# RCI: Add Guest Cert later?



## hypnotiq (Oct 2, 2012)

Hey guys,

Quick question. Im trying to grab a few units for the wedding next year to help out some family that wants to come but we're not sure who is coming yet? 

Can I just book now (pay the exchange fee) and then add the Guest Certificate later once we realize which family member is using it?

Thx,
Nico


----------



## SOS8260456 (Oct 2, 2012)

Yes.  I would also suggest waiting as long as you can, just in case there are any changes, because RCI will charge a second time to change the name again if it is needed.


----------



## tschwa2 (Oct 2, 2012)

With an RCI weeks account you can add a guest cert and pay for it online anytime up until the day of check in.  With an RCI points reservation if you don't add the guest cert at the time you make the reservation you will have to add it by calling up and paying for it over the phone.


----------



## SOS8260456 (Oct 2, 2012)

Nico,
If you are going to be getting alot of guest certificates, you may want to consider getting an RCI platinum membership closer to a year out from the wedding.  It is approx $55 for a year, but you get a $20 rebate for each guest certificate.  It is issued as a credit to your account for use towards exchange fees, combine fees (also receive a $25 credit for each combine).

Just a thought.


----------



## JPD (Oct 2, 2012)

Just a question, if Nico will be at the wedding, can he just bypass the gift certificates and check in himself?


----------



## SOS8260456 (Oct 2, 2012)

JPD said:


> Just a question, if Nico will be at the wedding, can he just bypass the gift certificates and check in himself?

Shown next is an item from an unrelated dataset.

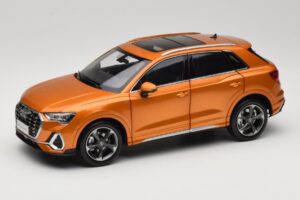 Audi Q3 F3 Orange Metallic Paudi Model 1:18 05962Q32019 Métal
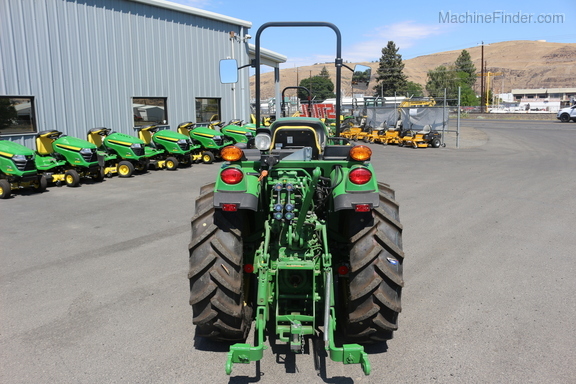 2017 John Deere 5090GV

I don't really know...but good question.  Now that you mention it, I think he should be able to.


----------



## vckempson (Oct 2, 2012)

JPD said:


> Just a question, if Nico will be at the wedding, can he just bypass the gift certificates and check in himself?



My understanding is yes, he can check in for all of them... no guest certificates required.  Nico might need to put a required hold on his credit card for each unit, though, and he'll be on the hook for any damages.


----------



## MuranoJo (Oct 3, 2012)

We've invited other couples along with us with multiple exchanges the same week, and we didn't need the guest certificates.  Also, each family used their own credit cards for check-in, so we weren't on the hook for any room charges or damages, should there be any.

I'd call the resort directly and make sure you won't need the guest certificates.  We called ahead and let the resort know other couples would check in before we got there and they were fine with that.  I just gave them the names of the occupants of the other units.  Worked just fine.  I think RCI makes the $$ from GC, not the resorts, so they don't care as long as you are there and each family uses their own CC for check-in.

I'd still call the resort directly, just to be sure.


----------



## Ron98GT (Oct 3, 2012)

vckempson said:


> My understanding is yes, he can check in for all of them... no guest certificates required.  Nico might need to put a required hold on his credit card for each unit, though, and he'll be on the hook for any damages.



That's what I've been told in the past, by both RCI and the TS resort.
They don't even care if you leave after checking everybody in, just as long as you check everybody in.


----------